Kecelakaan berawal pada Kamis (9/4) sekitar pukul 09.50 WIB, saat BW berada di dalam rumahnya bersama istrinya dan sejumlah keluarga. Menurut saksi, situasi awalnya tenang hingga salah satu saksi, adik ipar korban, menyatakan telah dilihat pelaku saat sedang mandi. Pengakuan ini segera didengar oleh korban.

“Korban langsung menegur pelaku setelah mengetahui kejadian tersebut. Namun, pelaku tidak puas dan terjadi perdebatan antara keduanya,” ujar Andre.

Ketegangan meningkat tajam. Pelaku, yang marah, mendadak mengambil golok dari lemari di dalam rumah. Tanpa berpikir panjang, ia langsung melancarkan serangan ke arah korban. “Serangan mengenai kepala korban. Setelah dibacok, korban berteriak lalu berusaha melarikan diri,” terang Andre.

Korban, dalam kondisi luka, kemudian dikejar oleh pelaku. Namun, ia berhasil kabur sehingga pelaku tidak bisa melakukan tindakan lanjutan. Setelah itu, pelaku langsung melarikan diri sambil masih mengenakan golok sebagai senjata tajam.

Warga sekitar segera memberikan pertolongan. Korban lalu dilarikan ke RS Persahabatan di Rawamangun untuk perawatan. Pemeriksaan menunjukkan korban mengalami luka bacok pada kepala dan harus menjalani visum et repertum.

Pihak kepolisian menerima laporan dari warga sekitar pada pukul 10.30 WIB. Petugas langsung melakukan olah tempat kejadian perkara, mengumpulkan barang bukti, serta mengambil keterangan saksi. “Dari olah TKP, pemeriksaan saksi, dan rekaman CCTV di lokasi, kami bisa mengidentifikasi pelaku,” kata Andre.

Dalam waktu singkat, polisi berhasil menemukan pelaku di Perumahan Aneka Elok, Penggilingan, Cakung. Saat ditangkap, pelaku masih membawa golok yang digunakan untuk membacok korban. Rekaman CCTV dan dokumen visum juga diamankan sebagai bukti.

Kasus ini merupakan tindak lanjut laporan polisi Nomor LP/B/101/IV/2026/Sek Ck/Polres Metro Jakarta Timur. Pelaku dijerat Pasal 466 Ayat (2) KUHP, berdasarkan Undang-Undang RI Nomor 1 Tahun 2023 tentang KUHP.

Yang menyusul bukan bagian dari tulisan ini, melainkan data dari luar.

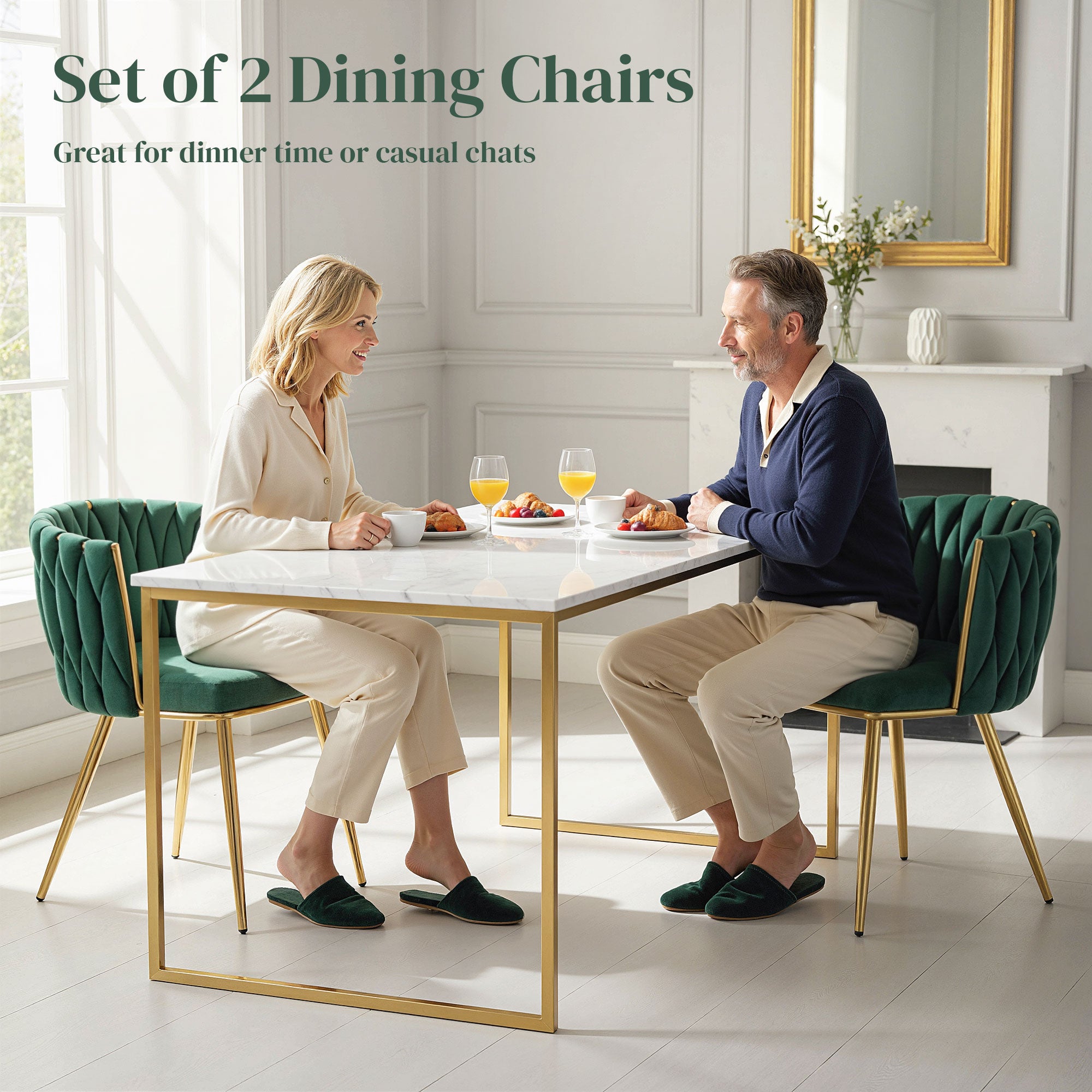 HOMCOM Velvet-Feel Dining Chairs Set of 2, Modern Upholstered Kitchen Chairs with Woven Backrest and Armrests, Metal Legs and Padded Seat for Dining Room, Bedroom, Living Room, Dark Green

Saat ini, pelaku telah diamankan di Polsek Cakung untuk proses hukum. Polisi masih mengeksplorasi motif kekerasan dan kemungkinan faktor lain yang memicu peristiwa tersebut. “Pelaku sudah kami tangkap dan akan dilakukan penyelidikan lebih lanjut,” tegas Andre.

IA juga mengimbau masyarakat agar menyelesaikan masalah secara damai, menghindari tindakan kekerasan sendiri, serta segera melapor jika menemukan tanda-tanda gangguan keamanan di sekitar.